6. As obrigações contratuais em causa encontram-se igualmente sujeitas às disposições previstas na Convenção de Roma de 19 de Junho de 1980 (Convenção), cuja regra geral sobre a lei aplicável às obrigações contratuais prevista no n° 1 do Artigo 3° é a de que as partes escolhem, de acordo com a sua vontade e autonomia privada, qual a lei que pretendem ver aplicada devendo "esta escolha (...) ser expressa ou resultar de modo inequívoco das disposições do contrato ou das circunstâncias da causa n.
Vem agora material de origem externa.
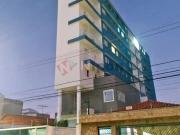 Apartamento para Venda em São Paulo/SP Penha De França 2...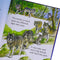 Usborne Beginners Animals: 10-Book Hardcover Set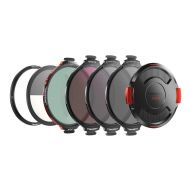Zestaw filtrów Freewell Real Locking VND/CPL Mega Kit - Zestaw filtrów Freewell Real Locking ND/CPL Mega Kit - mdronpl-zestaw-filtrow-freewell-real-locking-zmienny-nd-cpl-mega-kit-01.jpg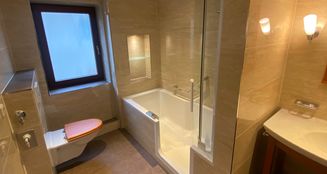 von_poll_real_estate_property_24326032_image_8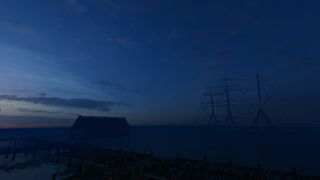 Image by MrMako228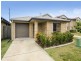Unit 15/80 Webster Road, Deception Bay QLD 4508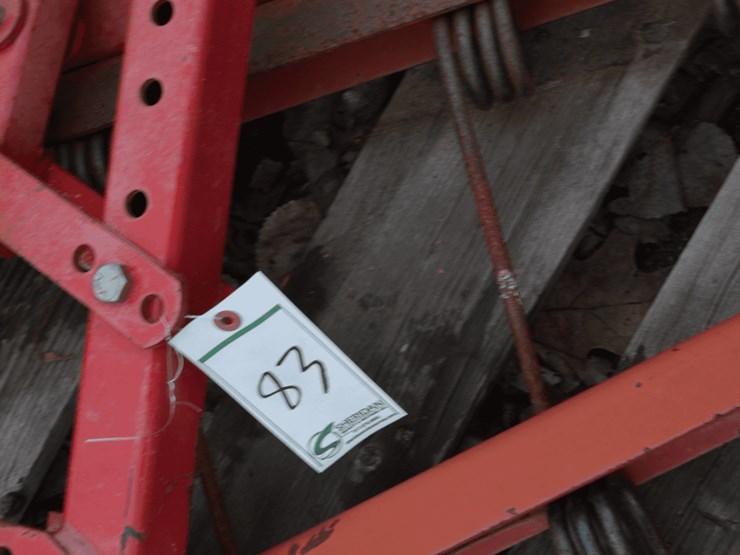 sunflower-leveler-parts-image-2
7. Dispõe o Artigo 4°, n.º 1 e 2 da Convenção que nas situações em que as partes nada digam quanto à lei aplicável ao contrato - como é o caso em apreço -, a mesma deve apurar-se segundo o critério da conexão mais estreita.

8. Tal como a acção vem delimitada pela Recorrida, dúvidas não restam de que, na qualidade de Factor-Importador, foi a Recorrente quem assumiu a realização da prestação característica. Ora, tendo em conta que a Recorrente tem a sua sede/estabelecimento em Espanha, que o contrato foi celebrado no dia 4 de Julho de 1995 em Madrid, redigido unicamente em língua castelhana e de acordo com as expressões, usos e costumes espanhóis, dúvidas não restam que o mesmo apresenta uma conexão mais estreita com a ordem jurídica espanhola.

9. Sem prejuízo do acima exposto, também pelas normas de conflito internas é aplicável a lei espanhola como resulta do n° 2 do Artigo 42° do Código Civil (CC), que manda aplicar aos negócios bilaterais "a lei do lugar da celebração”.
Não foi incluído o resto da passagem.